PROBLEM → Number of lines with the string "take" in the entries below: report it, and nothing besides.

Saved entries
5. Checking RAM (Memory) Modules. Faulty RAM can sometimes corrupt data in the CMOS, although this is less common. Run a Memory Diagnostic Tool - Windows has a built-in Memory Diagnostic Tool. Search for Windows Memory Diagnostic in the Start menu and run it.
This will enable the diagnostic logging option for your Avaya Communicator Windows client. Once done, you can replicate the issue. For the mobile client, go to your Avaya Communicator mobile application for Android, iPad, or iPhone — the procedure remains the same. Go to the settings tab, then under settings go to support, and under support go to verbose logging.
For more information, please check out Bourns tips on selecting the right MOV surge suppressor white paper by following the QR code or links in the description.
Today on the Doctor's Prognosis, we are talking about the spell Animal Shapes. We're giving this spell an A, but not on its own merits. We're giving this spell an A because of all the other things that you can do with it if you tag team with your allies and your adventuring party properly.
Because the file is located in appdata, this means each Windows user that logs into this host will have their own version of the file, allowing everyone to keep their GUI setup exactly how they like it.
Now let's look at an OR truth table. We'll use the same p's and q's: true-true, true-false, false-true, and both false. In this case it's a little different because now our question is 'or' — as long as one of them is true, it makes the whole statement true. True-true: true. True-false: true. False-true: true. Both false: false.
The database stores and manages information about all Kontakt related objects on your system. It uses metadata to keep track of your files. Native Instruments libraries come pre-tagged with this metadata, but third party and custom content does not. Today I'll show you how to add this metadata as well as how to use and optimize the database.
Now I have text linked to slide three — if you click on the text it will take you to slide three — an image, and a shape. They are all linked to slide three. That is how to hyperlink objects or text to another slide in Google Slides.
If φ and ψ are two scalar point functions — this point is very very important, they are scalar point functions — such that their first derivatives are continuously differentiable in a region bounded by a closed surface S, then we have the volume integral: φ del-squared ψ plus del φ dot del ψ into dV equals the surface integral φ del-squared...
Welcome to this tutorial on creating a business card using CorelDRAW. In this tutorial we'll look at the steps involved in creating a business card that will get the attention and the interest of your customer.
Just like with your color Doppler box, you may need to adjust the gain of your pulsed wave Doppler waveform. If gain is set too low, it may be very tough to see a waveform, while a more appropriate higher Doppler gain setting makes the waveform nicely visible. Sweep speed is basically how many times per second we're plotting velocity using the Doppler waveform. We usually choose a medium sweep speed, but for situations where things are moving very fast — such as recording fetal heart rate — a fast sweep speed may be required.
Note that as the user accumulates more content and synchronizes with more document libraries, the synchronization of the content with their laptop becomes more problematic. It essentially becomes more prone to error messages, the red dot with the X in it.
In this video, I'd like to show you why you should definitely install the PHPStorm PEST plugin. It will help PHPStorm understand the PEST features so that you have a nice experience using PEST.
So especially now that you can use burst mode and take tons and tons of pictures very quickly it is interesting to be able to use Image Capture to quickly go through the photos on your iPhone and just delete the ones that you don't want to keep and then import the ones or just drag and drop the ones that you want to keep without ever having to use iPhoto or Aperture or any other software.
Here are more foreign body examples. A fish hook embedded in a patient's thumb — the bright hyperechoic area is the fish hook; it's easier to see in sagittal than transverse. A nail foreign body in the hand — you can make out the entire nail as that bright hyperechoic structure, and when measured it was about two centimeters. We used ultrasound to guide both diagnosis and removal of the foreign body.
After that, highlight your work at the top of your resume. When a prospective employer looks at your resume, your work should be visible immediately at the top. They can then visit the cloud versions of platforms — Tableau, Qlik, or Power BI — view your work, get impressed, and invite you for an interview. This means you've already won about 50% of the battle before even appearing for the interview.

REPLY TO THE EXERCISE → 2